Exercise instructions:
Would you please set down, word for word, the lines from the one with "Laundry room featuring" through the final line of the data below, omitting any pictures?

= = = = =

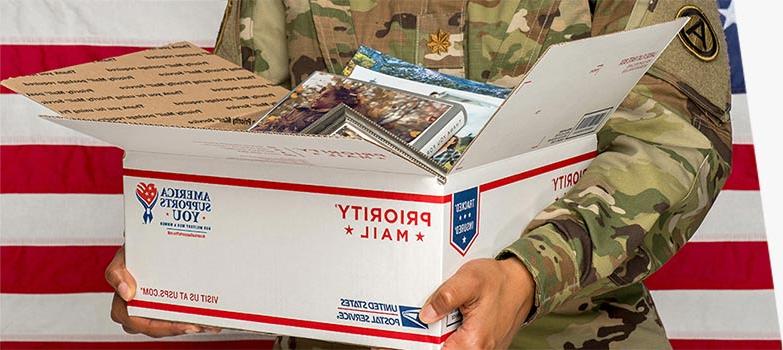 Man in military uniform holding an open package.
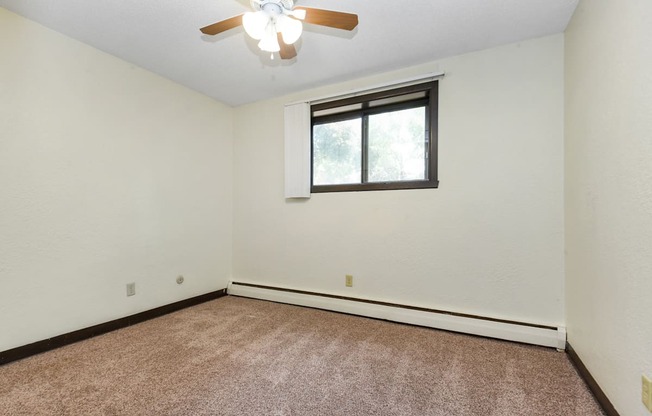 White Bear Lake, MN White Bear Terrace Apartments.  a bedroom with a ceiling fan and a window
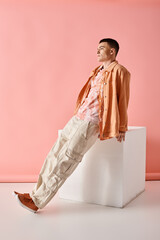Fashion shot of fashionable man in beige shirt, pants and boots on white cube on pink background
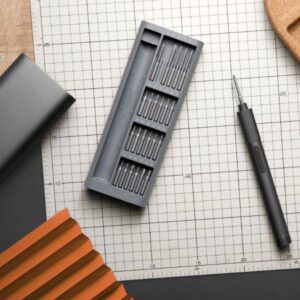 مفك كهربائي دقيق من Xiaomi بلون رمادي، مع جسم أنيق معدني وعلبة تخزين مغناطيسية تضم 24 رأسًا دقيقة من الفولاذ S2 ومقبض مضغوط.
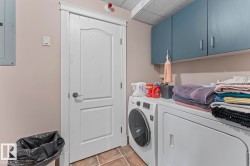 Laundry room featuring tile patterned floors, cabinet space, electric panel, and washer and dryer - 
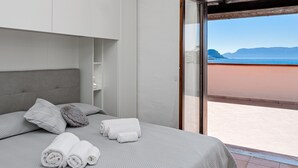 Ein Schlafzimmer mit Bett, Kissen, Handtüchern, einem Kleiderschrank und Blick auf den Strand.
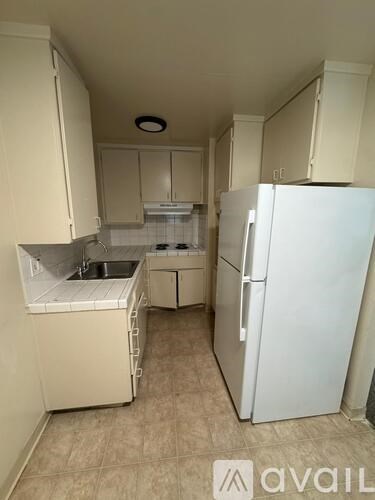 A small kitchen with a sink, stove, and refrigerator.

= = = = =

Finished exercise:
 Laundry room featuring tile patterned floors, cabinet space, electric panel, and washer and dryer - 
 Ein Schlafzimmer mit Bett, Kissen, Handtüchern, einem Kleiderschrank und Blick auf den Strand.
 A small kitchen with a sink, stove, and refrigerator.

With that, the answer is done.